The post-covid global recovery should help to sustain commodity performance in the near-term, a boon for investors looking to hide from inflation or diversify portfolios, according to Jack Manley, Global Market Strategist at JP Morgan.
Are we in a commodity super-cycle?
“With the global economy on the mend and a large cyclical upswing anticipated over the coming years, it makes sense that the potential of a super-cycle should be raised. However, a number of trends seem to suggest that this thesis may not hold water.”
“On the energy front, further upward price pressure seems dubious. Both the US and OPEC have an enormous amount of spare capacity, allowing production to increase in the face of rising prices; moreover, coordinated global efforts to address climate change will result in lower demand for fossil fuels in the decades ahead.”
“The sharp increase in both lumber and copper prices is due to a housing boom. The question, therefore, must be about the durability of this surge. Given global policymakers awareness of rising home prices – particularly in China – and the slow rollout of any new infrastructure investment in the US, the red-hot global housing market will likely cool in the years ahead.”

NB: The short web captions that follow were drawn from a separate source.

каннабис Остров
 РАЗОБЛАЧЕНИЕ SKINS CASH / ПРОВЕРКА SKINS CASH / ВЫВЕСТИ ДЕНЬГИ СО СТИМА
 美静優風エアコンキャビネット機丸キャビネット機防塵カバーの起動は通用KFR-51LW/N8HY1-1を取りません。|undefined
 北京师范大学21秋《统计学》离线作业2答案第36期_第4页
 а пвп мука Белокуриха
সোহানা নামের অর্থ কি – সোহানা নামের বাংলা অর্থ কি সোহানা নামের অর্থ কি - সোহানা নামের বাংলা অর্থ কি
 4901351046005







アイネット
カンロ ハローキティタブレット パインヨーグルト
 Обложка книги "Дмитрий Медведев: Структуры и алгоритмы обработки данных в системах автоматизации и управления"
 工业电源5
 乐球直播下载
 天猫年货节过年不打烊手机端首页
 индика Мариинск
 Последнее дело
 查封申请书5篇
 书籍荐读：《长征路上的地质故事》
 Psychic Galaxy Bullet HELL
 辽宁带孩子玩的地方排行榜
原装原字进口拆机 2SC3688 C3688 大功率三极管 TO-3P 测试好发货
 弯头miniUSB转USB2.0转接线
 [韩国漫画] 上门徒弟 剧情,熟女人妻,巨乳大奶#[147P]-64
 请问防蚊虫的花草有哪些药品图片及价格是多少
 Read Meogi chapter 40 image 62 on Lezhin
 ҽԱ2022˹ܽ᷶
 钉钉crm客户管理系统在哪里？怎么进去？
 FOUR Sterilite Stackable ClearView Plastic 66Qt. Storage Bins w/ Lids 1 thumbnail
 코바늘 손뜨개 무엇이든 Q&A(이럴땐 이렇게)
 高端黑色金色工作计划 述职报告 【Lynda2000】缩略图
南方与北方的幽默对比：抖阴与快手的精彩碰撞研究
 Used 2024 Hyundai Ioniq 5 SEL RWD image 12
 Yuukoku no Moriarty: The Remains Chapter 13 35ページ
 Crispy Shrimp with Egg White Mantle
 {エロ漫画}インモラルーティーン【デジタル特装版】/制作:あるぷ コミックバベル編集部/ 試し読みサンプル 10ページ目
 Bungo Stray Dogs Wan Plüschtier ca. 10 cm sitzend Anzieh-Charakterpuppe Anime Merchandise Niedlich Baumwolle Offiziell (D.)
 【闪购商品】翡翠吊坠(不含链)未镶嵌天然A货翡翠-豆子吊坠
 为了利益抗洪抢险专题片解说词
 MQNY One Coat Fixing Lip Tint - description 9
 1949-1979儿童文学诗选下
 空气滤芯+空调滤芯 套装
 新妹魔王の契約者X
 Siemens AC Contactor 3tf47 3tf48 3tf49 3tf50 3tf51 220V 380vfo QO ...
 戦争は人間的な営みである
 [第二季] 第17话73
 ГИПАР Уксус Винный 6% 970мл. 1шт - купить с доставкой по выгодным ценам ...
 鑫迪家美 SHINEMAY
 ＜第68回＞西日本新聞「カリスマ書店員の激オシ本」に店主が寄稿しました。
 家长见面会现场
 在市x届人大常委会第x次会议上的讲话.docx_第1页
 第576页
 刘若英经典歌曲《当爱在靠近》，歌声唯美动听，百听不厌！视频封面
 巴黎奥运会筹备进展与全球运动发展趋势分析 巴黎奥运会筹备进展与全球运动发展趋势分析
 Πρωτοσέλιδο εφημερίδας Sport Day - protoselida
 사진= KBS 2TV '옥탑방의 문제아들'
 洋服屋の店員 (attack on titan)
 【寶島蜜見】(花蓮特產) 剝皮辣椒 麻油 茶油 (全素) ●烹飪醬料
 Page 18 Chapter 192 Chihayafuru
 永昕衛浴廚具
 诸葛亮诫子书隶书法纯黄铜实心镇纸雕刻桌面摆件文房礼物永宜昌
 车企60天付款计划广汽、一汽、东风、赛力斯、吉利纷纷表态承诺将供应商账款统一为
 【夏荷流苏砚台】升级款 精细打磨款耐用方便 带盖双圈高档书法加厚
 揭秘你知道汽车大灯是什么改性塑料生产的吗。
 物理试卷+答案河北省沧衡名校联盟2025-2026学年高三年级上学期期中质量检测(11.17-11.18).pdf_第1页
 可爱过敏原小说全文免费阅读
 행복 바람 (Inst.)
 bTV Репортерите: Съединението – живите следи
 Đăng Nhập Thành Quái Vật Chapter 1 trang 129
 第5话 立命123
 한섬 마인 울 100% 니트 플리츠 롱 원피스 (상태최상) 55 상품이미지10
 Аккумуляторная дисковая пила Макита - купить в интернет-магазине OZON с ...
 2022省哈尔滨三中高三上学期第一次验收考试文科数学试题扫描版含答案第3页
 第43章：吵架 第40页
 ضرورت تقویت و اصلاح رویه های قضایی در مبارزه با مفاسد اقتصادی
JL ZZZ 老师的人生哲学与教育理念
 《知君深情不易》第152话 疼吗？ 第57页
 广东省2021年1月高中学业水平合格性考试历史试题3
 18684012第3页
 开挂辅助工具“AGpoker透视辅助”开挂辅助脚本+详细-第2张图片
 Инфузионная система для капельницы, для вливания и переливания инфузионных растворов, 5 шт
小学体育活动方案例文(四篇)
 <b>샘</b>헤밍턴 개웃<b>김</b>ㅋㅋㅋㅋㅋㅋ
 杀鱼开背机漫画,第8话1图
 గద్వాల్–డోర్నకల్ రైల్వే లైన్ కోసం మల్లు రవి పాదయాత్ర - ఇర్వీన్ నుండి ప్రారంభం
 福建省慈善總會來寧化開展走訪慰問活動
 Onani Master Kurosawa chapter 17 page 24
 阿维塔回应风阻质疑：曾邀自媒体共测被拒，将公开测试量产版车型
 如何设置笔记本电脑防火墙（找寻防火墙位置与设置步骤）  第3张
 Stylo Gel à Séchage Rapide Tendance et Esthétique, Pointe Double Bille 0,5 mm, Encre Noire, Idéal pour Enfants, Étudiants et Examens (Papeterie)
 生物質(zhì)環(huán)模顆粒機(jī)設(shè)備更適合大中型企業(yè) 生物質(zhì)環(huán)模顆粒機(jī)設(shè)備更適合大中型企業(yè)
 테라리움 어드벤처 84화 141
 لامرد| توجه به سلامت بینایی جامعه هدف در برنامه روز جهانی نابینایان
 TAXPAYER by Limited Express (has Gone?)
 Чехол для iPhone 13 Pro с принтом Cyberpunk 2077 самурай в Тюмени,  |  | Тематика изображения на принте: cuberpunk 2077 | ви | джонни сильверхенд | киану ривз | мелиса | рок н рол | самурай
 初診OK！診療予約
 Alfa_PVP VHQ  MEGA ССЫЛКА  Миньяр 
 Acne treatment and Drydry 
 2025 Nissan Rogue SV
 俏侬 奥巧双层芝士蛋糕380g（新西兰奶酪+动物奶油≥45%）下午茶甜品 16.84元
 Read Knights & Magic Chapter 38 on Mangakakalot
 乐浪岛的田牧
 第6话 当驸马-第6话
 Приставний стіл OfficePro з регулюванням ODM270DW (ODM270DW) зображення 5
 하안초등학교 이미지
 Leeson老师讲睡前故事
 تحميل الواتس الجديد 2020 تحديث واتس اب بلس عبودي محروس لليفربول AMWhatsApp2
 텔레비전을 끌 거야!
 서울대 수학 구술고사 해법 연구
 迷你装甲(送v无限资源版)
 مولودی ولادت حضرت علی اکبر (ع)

“Food and precious metals round out the commodities group. A reacceleration in economic growth should temporarily boost demand for food, but poor demographics point to a slowdown in longer-term population growth; and while gold and other precious metals would typically be beneficiaries of easy global monetary policy and inflationary concerns, the rise of cryptocurrencies has taken some appetite away from this sector.”
“The post-COVID-19 global recovery should help to sustain commodity performance in the near-term, a boon for investors looking to hide from inflation or diversify portfolios. However, it seems premature to call this anything more than a strong recovery.”